SUPPLIED INFORMATION: Begin
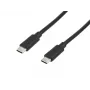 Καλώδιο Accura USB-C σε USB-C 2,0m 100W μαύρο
SUPPLIED INFORMATION: End
SUPPLIED INFORMATION: Begin
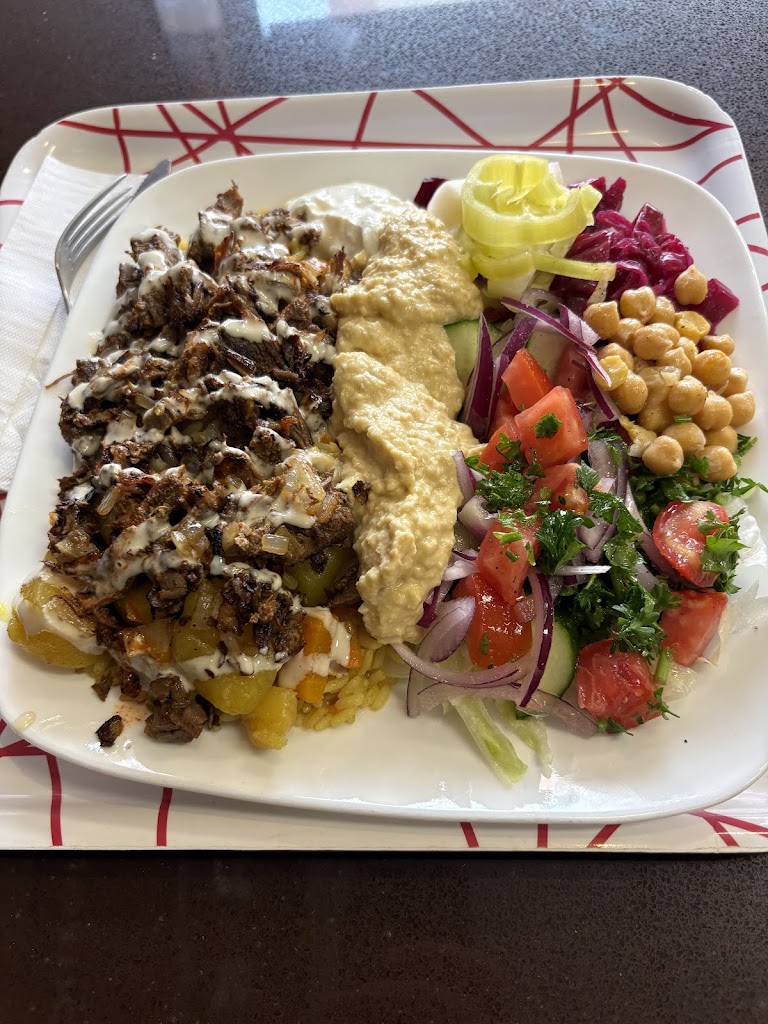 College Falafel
SUPPLIED INFORMATION: End
SUPPLIED INFORMATION: Begin
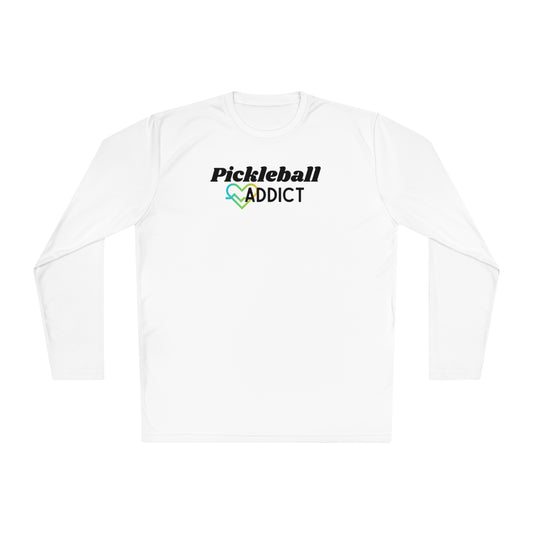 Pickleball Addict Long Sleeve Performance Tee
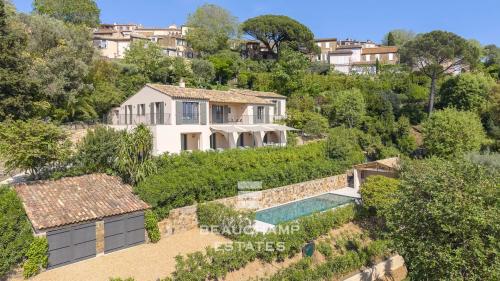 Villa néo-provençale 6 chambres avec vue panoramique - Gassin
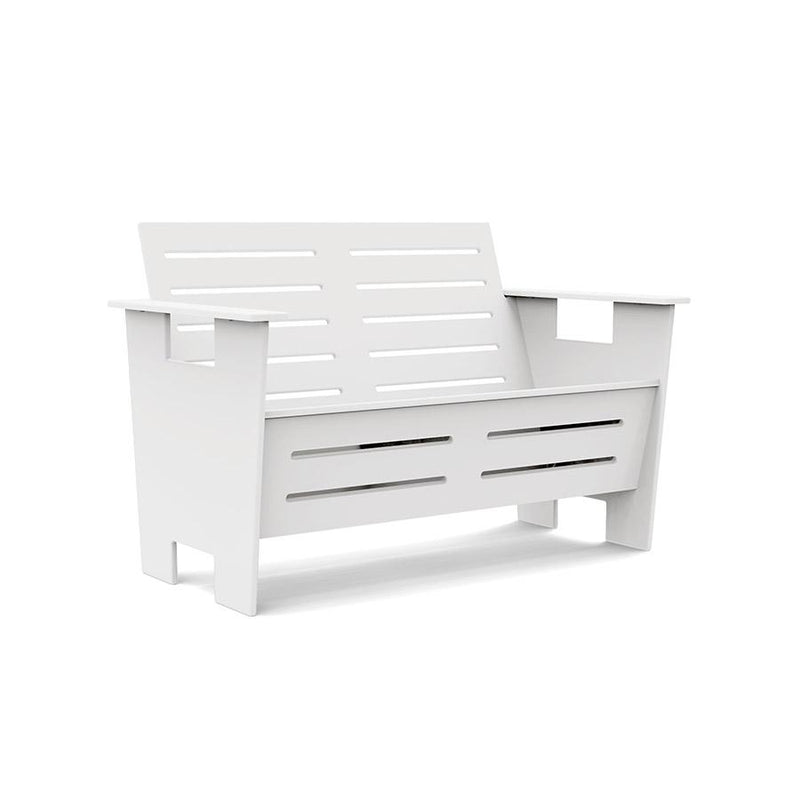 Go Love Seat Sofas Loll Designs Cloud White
SUPPLIED INFORMATION: End
(ASSIGNED TASK) Once the line with "Villa néo-provençale 6" is found above, print it and every line after it through the line with "Go Love Seat Sofas Loll Designs Cloud White", exactly. Pictures stay out.

(ANSWER SECTION)
 Villa néo-provençale 6 chambres avec vue panoramique - Gassin
 Go Love Seat Sofas Loll Designs Cloud White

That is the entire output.